Gesù Cristo risorge dai morti perché tutto il suo essere è perfetta e intima unione con Dio, che è la verità cioè l'amore davvero più forte della morte. Egli era una cosa sola con la Vita indistruttibile e pertanto poteva donare la propria vita lasciandosi uccidere, ma non poteva soccombere definitivamente alla morte: in concreto nell'Ultima Cena egli ha anticipato e accettato per amore la propria morte in croce, trasformandola così nel dono di sé, quel dono che ci dà la vita, ci libera e ci salva: è la Verità che libera dalla schiavitù dell'ignoranza di non sapere da dove veniamo e qual è la meta dell'anima e del corpo!
Nell'epistola Paolo ci spiega che questa pienezza ci viene comunicata per mezzo del battesimo, che è realmente morte e risurrezione, rinascita, trasformazione in una vita nuova: "Non sono più io che vivo, ma Cristo vive in me", san Paolo nella Lettera ai Galati (2,20).

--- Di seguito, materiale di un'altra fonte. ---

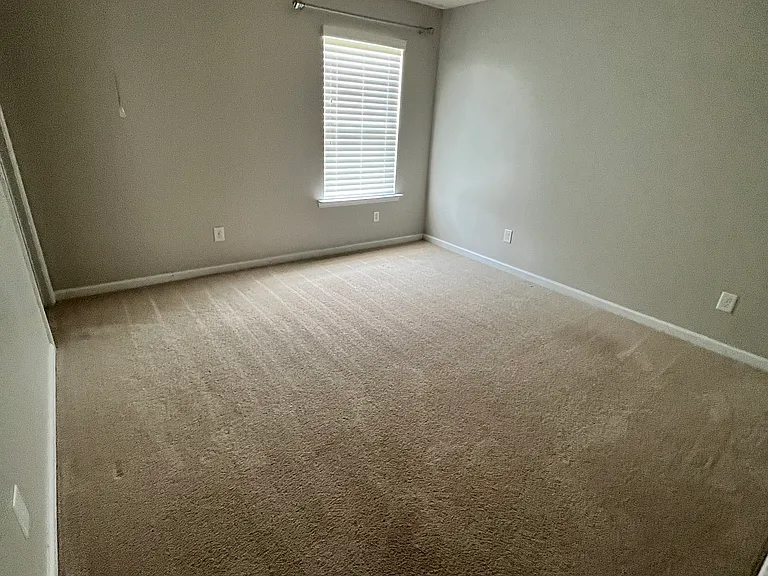 1051 Abberley Cir — Photo 15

E' stata cambiata la mia identità essenziale e io continuo ad esistere soltanto in questo cambiamento. Il mio proprio io mi viene tolto e viene inserito in un nuovo soggetto più grande, nel quale il mio c'è di nuovo, ma trasformato, purificato, "aperto" mediante l'inserimento nell'altro, nel quale acquista il suo nuovo spazio di esistenza. Diventiamo così "uno in Cristo" (Gal 3,28), un unico soggetto nuovo, e il nostro io viene liberato dal suo isolamento, oggi dall'egemonia del liberismo di erigere la libertà individuale a valore fondamentale al quale tutti gli altri dovrebbero sottostare, escludendo Dio dalla cultura e dalla vita pubblica, riconducendo l'etica entro in confini nel relativismo e dell'utilitarismo, con l'esclusione di ogni principio morale che sia valido e vincolante per se stesso. "Io, ma non più io": è questa la formula del personalismo cristiano fondato sul Battesimo, la formula della risurrezione dentro il tempo, la formula della "novità" cristiana, della fede a livello di dottrina sociale chiamata a trasformare il mondo. Qui, in questa notte, sta la nostra gioia pasquale, chiamati a divenire donne e uomini  nuovi, per poter essere testimoni del Risorto e in tal modo portatori di gioia e della speranza cristiana nel mondo, in concreto in quella comunità di uomini entro la quale viviamo. Maria assunta in cielo, giunta alla meta in anima e corpo, ci è segno di speranza e di consolazione.